Gretchen Wood, wearing a top hat with a feather in it, laughs at her partner.
She loves things like this, she says. Playing for five booths and the two dozen people at the second day of the Silver Springs' 57th Founders Day Celebration is what she's here to do.
More people were at the festival Saturday, when Wood, 50, was the grand marshal of the parade that honored town volunteers. She said she's happy to help the town whenever she can, like play two years for free at a friend's bar.
"This is my community," she said, "and this is what I want."
Though she first came to Silver Springs in the 1980s, she moved away a few years later to take a job as a social worker in Northern California. But in 1991, Wood was permanently disabled when she was hit head-on by a propane truck.
When she was in the hospital, her friends from the Nevada town didn't forget about her, and sent cards and help. She came back to Silver Springs when she got out.
Bob Fells, 79, one of the people watching Old and Dirty, said Wood is a beautiful woman and a great musician. He said he used to play horseshoes with her by Lake Lahontan outside of town.
"I love her and always have loved her," he said. "She sings good, she really does."
Kay Bennett, co-owner of the Silver Springs Airport, was listening to Old and Dirty on Sunday, too, as she helped run a pavilion that had festival T-shirts, snacks and a contest for who could guess how many silver springs a jar contained.
"(Wood's) awesome, really awesome," Bennett said.
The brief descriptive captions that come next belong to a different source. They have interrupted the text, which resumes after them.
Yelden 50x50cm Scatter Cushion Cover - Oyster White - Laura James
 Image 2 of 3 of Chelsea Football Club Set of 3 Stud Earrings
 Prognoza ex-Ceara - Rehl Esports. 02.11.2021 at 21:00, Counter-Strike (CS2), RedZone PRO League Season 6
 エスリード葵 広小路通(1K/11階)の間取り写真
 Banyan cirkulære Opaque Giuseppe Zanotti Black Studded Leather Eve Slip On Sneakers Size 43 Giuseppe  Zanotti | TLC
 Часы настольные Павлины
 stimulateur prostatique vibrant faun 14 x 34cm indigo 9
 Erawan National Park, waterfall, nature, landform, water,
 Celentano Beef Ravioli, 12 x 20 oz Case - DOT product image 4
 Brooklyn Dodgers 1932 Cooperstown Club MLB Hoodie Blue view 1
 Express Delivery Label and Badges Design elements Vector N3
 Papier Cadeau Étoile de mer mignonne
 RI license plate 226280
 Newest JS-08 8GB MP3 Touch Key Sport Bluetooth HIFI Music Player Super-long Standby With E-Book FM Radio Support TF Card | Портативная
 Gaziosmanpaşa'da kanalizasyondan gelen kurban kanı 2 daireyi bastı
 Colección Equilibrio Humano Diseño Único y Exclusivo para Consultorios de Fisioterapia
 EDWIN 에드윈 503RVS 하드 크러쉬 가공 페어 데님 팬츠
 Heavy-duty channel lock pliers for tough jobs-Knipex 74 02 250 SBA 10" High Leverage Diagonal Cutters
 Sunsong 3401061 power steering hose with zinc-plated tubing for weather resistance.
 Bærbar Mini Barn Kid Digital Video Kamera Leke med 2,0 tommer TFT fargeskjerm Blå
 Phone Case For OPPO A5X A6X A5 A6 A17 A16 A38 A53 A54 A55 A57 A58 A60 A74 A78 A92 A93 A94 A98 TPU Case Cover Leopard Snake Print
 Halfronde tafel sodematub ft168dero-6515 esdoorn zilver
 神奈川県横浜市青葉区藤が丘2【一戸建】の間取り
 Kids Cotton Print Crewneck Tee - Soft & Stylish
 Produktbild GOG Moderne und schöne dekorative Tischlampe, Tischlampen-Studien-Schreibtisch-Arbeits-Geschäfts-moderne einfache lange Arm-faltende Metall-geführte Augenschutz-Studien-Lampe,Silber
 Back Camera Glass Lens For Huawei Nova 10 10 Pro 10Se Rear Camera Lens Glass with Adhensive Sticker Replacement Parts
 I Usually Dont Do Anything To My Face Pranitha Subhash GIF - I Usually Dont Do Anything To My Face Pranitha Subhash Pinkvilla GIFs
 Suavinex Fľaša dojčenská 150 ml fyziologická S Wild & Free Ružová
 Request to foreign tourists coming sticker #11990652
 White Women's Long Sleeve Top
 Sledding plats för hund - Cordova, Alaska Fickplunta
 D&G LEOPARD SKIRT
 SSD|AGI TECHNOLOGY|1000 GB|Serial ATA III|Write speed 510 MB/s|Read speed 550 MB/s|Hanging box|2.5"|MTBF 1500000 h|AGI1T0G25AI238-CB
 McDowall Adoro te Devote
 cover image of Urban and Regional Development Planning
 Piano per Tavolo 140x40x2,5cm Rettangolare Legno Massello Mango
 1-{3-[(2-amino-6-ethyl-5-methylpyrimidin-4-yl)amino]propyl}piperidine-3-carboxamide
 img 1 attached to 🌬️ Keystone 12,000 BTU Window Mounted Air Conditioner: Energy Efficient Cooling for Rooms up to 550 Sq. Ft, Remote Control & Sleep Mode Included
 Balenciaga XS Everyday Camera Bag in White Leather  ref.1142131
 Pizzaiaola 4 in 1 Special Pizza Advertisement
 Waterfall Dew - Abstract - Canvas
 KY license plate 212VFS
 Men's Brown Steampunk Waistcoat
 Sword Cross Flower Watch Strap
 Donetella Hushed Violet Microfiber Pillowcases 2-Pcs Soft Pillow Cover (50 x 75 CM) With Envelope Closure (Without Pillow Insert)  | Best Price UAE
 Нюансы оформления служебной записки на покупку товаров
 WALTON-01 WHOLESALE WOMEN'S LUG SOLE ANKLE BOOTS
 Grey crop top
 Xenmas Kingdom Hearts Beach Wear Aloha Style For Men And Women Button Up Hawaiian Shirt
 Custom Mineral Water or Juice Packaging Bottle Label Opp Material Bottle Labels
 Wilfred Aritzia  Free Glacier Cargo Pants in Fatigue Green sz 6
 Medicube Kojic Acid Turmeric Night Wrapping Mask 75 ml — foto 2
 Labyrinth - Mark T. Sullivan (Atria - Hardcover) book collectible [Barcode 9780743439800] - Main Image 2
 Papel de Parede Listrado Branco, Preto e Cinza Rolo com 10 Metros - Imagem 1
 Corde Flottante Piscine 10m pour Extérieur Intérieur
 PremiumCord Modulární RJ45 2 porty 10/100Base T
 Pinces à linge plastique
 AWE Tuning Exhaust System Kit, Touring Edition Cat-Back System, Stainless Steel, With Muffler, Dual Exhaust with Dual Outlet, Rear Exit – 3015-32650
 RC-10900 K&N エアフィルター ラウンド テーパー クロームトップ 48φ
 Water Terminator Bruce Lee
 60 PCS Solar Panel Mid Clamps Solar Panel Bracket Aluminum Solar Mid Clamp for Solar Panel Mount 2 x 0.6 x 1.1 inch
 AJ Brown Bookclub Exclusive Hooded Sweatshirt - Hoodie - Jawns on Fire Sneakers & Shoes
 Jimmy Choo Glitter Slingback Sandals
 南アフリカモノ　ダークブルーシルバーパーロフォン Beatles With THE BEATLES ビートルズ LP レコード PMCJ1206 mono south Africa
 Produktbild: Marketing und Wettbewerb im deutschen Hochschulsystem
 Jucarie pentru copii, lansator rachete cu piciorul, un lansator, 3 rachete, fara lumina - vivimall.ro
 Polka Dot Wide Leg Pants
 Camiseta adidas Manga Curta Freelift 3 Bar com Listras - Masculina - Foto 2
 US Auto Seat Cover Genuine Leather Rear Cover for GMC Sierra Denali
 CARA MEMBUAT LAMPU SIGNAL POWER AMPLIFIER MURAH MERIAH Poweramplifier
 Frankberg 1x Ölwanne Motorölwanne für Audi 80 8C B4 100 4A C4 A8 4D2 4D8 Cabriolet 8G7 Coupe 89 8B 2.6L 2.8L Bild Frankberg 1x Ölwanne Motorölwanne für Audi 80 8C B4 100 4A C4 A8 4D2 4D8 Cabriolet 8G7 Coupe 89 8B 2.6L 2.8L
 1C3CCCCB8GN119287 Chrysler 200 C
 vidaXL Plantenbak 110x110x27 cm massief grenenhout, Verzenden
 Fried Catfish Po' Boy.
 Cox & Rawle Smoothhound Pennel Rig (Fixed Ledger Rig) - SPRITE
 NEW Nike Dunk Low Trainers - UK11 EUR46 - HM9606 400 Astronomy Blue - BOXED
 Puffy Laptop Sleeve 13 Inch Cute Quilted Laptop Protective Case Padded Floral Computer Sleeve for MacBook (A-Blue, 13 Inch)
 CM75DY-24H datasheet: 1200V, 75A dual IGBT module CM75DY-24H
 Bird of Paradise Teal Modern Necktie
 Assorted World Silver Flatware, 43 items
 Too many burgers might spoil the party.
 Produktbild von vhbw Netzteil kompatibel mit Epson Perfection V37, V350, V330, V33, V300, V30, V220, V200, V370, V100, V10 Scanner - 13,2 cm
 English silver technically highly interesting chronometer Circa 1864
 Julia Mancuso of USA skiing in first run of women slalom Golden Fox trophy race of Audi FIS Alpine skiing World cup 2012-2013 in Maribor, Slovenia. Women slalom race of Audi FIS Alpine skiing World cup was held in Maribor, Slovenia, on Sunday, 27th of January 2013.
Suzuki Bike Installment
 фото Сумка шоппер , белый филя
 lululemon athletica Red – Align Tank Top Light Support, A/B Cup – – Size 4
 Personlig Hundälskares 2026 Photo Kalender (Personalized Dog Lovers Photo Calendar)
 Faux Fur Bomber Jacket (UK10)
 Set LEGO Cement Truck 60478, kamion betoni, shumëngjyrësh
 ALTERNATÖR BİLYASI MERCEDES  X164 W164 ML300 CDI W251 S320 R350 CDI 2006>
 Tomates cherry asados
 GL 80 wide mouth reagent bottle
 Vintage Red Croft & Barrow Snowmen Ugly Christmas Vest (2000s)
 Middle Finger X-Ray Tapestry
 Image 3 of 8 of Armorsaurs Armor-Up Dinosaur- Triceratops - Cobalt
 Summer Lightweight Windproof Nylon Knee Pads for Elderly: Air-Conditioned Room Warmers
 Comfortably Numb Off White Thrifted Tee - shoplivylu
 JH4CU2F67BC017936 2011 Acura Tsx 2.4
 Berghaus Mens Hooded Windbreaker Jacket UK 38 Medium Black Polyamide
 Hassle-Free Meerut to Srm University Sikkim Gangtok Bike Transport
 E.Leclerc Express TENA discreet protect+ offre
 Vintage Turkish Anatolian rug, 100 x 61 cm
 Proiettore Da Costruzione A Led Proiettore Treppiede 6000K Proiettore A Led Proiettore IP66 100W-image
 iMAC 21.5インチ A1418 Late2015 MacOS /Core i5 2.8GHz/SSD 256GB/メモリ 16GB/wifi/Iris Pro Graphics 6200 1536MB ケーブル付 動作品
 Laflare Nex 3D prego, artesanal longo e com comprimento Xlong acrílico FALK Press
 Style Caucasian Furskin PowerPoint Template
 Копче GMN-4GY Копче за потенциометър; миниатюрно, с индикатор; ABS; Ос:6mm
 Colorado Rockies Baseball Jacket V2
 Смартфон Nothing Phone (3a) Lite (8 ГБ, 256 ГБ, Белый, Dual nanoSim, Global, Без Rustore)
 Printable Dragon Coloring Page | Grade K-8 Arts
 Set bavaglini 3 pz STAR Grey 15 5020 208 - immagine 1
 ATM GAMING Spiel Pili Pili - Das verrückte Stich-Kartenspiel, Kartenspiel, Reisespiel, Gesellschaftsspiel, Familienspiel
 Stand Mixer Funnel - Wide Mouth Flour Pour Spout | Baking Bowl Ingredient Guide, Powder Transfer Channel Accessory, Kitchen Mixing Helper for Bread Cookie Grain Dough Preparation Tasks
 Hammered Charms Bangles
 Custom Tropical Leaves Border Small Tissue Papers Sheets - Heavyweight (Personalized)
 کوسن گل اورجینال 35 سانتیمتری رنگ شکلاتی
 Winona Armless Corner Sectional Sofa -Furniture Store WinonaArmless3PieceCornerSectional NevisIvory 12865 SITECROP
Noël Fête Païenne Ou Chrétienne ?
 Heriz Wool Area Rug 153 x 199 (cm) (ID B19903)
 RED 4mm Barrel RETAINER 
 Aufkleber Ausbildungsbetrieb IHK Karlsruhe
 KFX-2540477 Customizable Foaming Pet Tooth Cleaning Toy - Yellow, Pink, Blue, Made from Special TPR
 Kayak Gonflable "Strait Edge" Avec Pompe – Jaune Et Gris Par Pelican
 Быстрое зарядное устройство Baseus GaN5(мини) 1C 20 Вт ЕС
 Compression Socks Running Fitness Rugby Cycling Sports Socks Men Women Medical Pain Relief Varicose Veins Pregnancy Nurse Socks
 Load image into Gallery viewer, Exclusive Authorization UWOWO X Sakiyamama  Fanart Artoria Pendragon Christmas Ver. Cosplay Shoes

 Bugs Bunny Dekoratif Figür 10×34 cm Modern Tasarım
During their performance, Wood and Sanchez talked with the crowd of about 10 between covers of "La Bamba," "Tequila Sunrise," "House of the Rising Sun" and others.
Hand-decorated signs with their names hung off the trailer in front of their feet.
"This gal is fantastic," said Ron Bell, a festival organizer.
Wood said she was happy to be grand marshal because the recognition spoke for the children, seniors and businesses in Silver Springs she helps with her music.
She said she feels like she represents them in a way, that they are her silent partners.